Retype exactly what appears below from the line containing "Dry erase board" down to the line containing "Stack of books", keeping both end lines. Do not include pictures.
--- Input records Enclosed Below ---
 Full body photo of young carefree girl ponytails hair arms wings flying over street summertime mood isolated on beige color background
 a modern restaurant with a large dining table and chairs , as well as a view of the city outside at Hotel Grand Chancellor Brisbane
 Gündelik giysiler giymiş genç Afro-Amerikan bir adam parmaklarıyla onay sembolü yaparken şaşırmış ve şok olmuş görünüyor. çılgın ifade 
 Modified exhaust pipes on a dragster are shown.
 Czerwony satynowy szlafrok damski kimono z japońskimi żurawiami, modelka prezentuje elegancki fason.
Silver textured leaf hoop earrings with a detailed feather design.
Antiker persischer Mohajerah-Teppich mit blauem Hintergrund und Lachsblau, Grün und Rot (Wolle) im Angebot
--- End of Enclosed Input records ---
--- Input records Enclosed Below ---
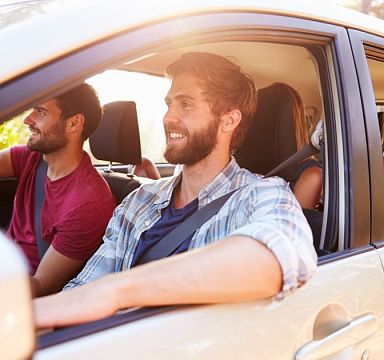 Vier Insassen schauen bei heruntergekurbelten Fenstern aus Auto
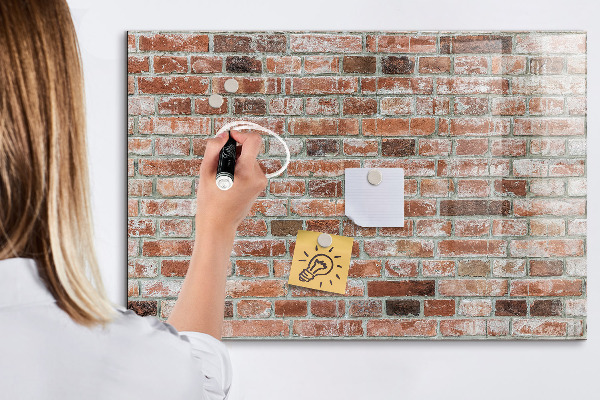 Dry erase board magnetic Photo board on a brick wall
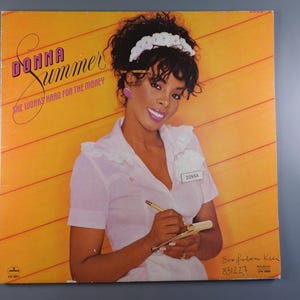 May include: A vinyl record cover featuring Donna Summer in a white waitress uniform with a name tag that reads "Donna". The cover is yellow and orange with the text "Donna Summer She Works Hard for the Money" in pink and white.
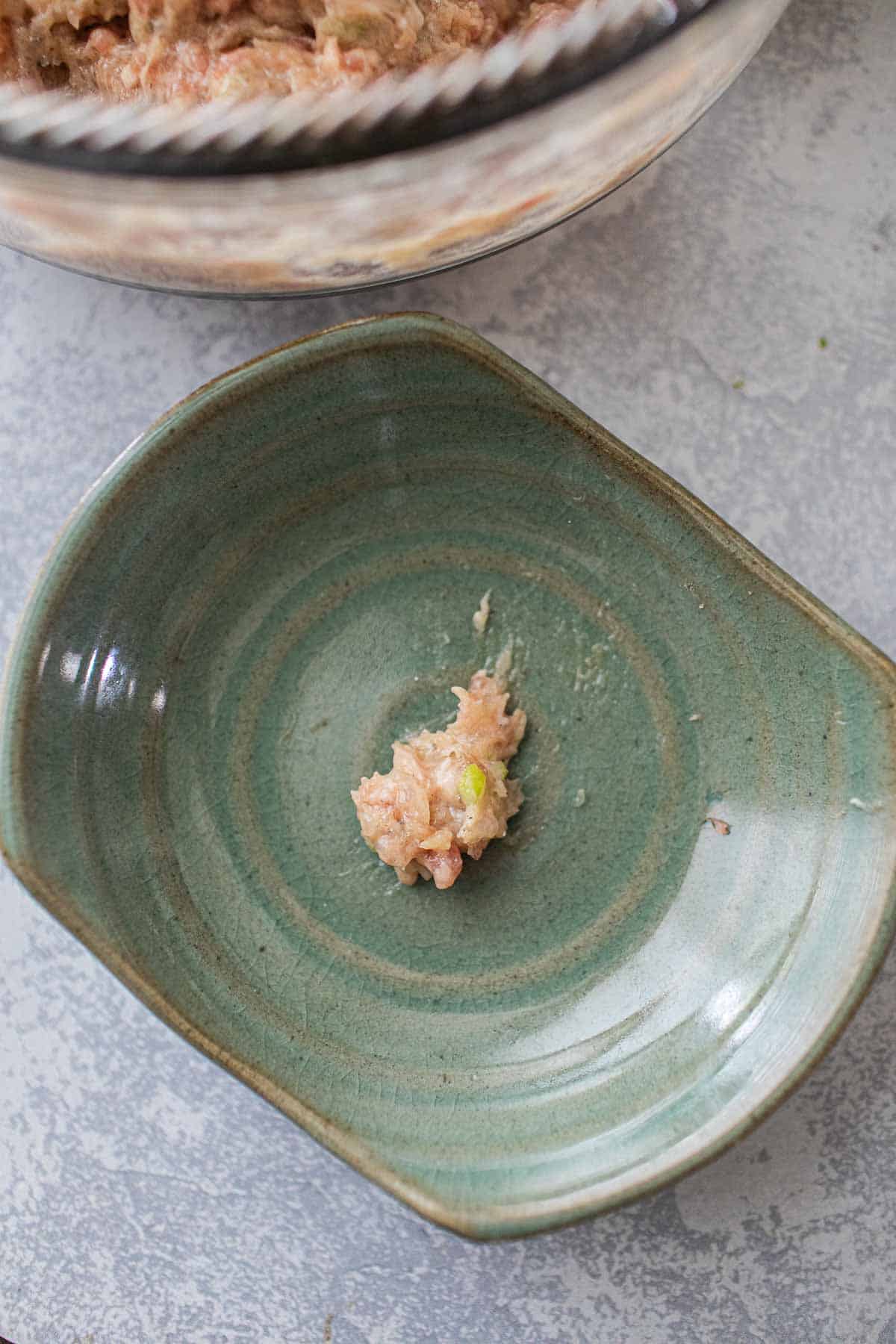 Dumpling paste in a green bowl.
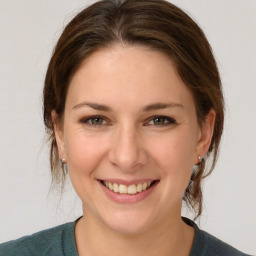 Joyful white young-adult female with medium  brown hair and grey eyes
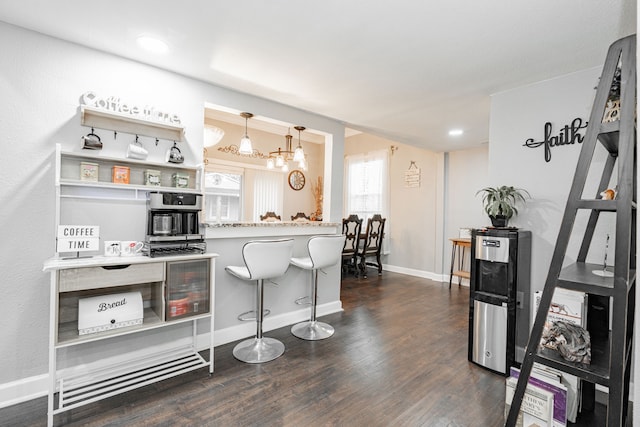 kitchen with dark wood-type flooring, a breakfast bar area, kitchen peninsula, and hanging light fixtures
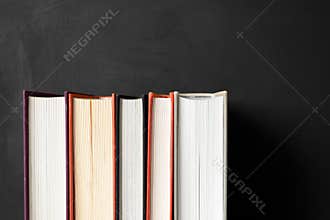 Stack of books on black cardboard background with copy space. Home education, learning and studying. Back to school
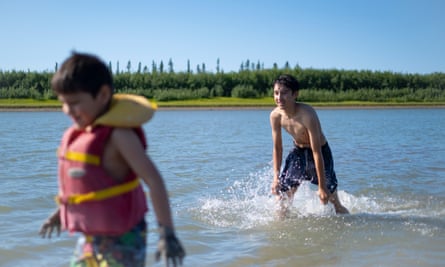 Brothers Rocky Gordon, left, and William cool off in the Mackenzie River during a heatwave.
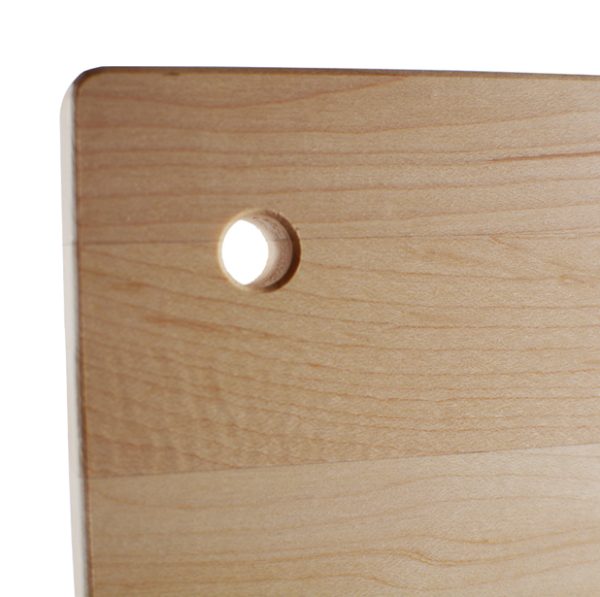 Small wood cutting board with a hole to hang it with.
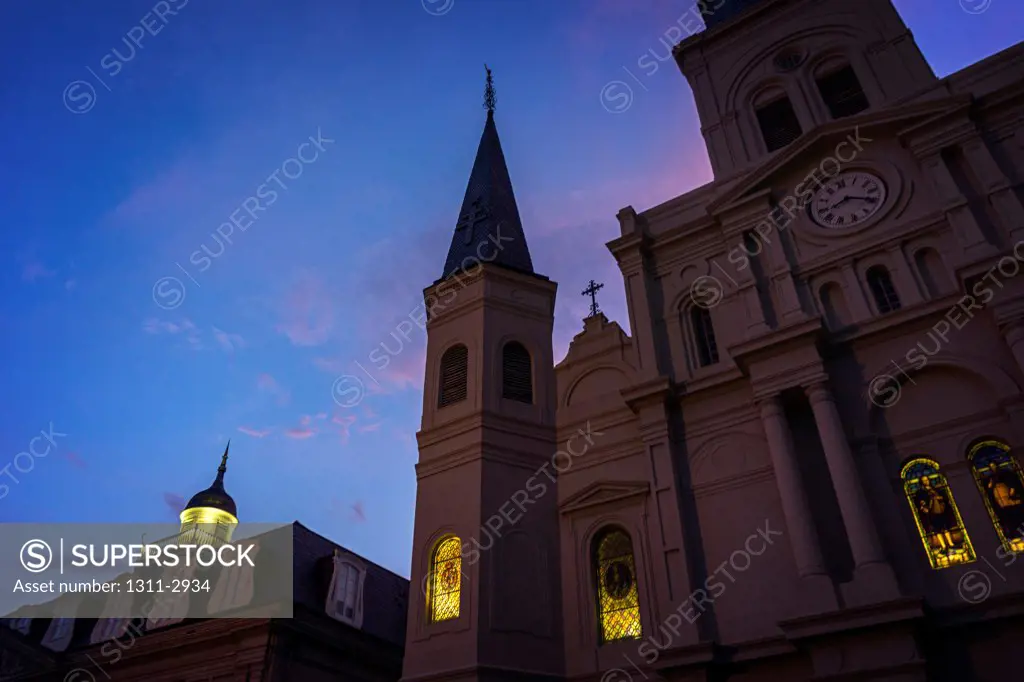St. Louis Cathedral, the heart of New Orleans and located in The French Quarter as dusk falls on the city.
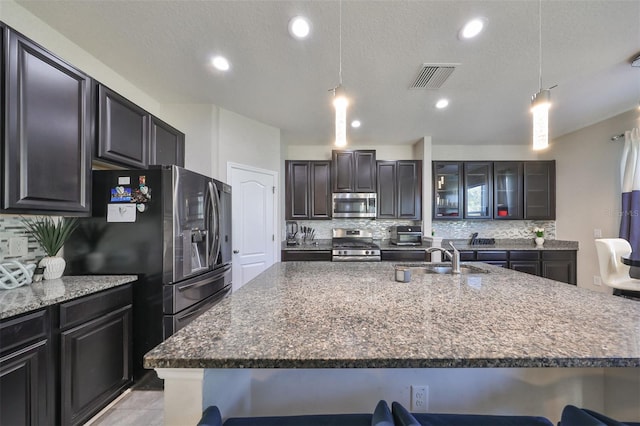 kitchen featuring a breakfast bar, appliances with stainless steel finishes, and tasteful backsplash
--- End of Enclosed Input records ---
◆ **Solution**:
 Dry erase board magnetic Photo board on a brick wall
 May include: A vinyl record cover featuring Donna Summer in a white waitress uniform with a name tag that reads "Donna". The cover is yellow and orange with the text "Donna Summer She Works Hard for the Money" in pink and white.
 Dumpling paste in a green bowl.
 Joyful white young-adult female with medium  brown hair and grey eyes
 kitchen with dark wood-type flooring, a breakfast bar area, kitchen peninsula, and hanging light fixtures
 Stack of books on black cardboard background with copy space. Home education, learning and studying. Back to school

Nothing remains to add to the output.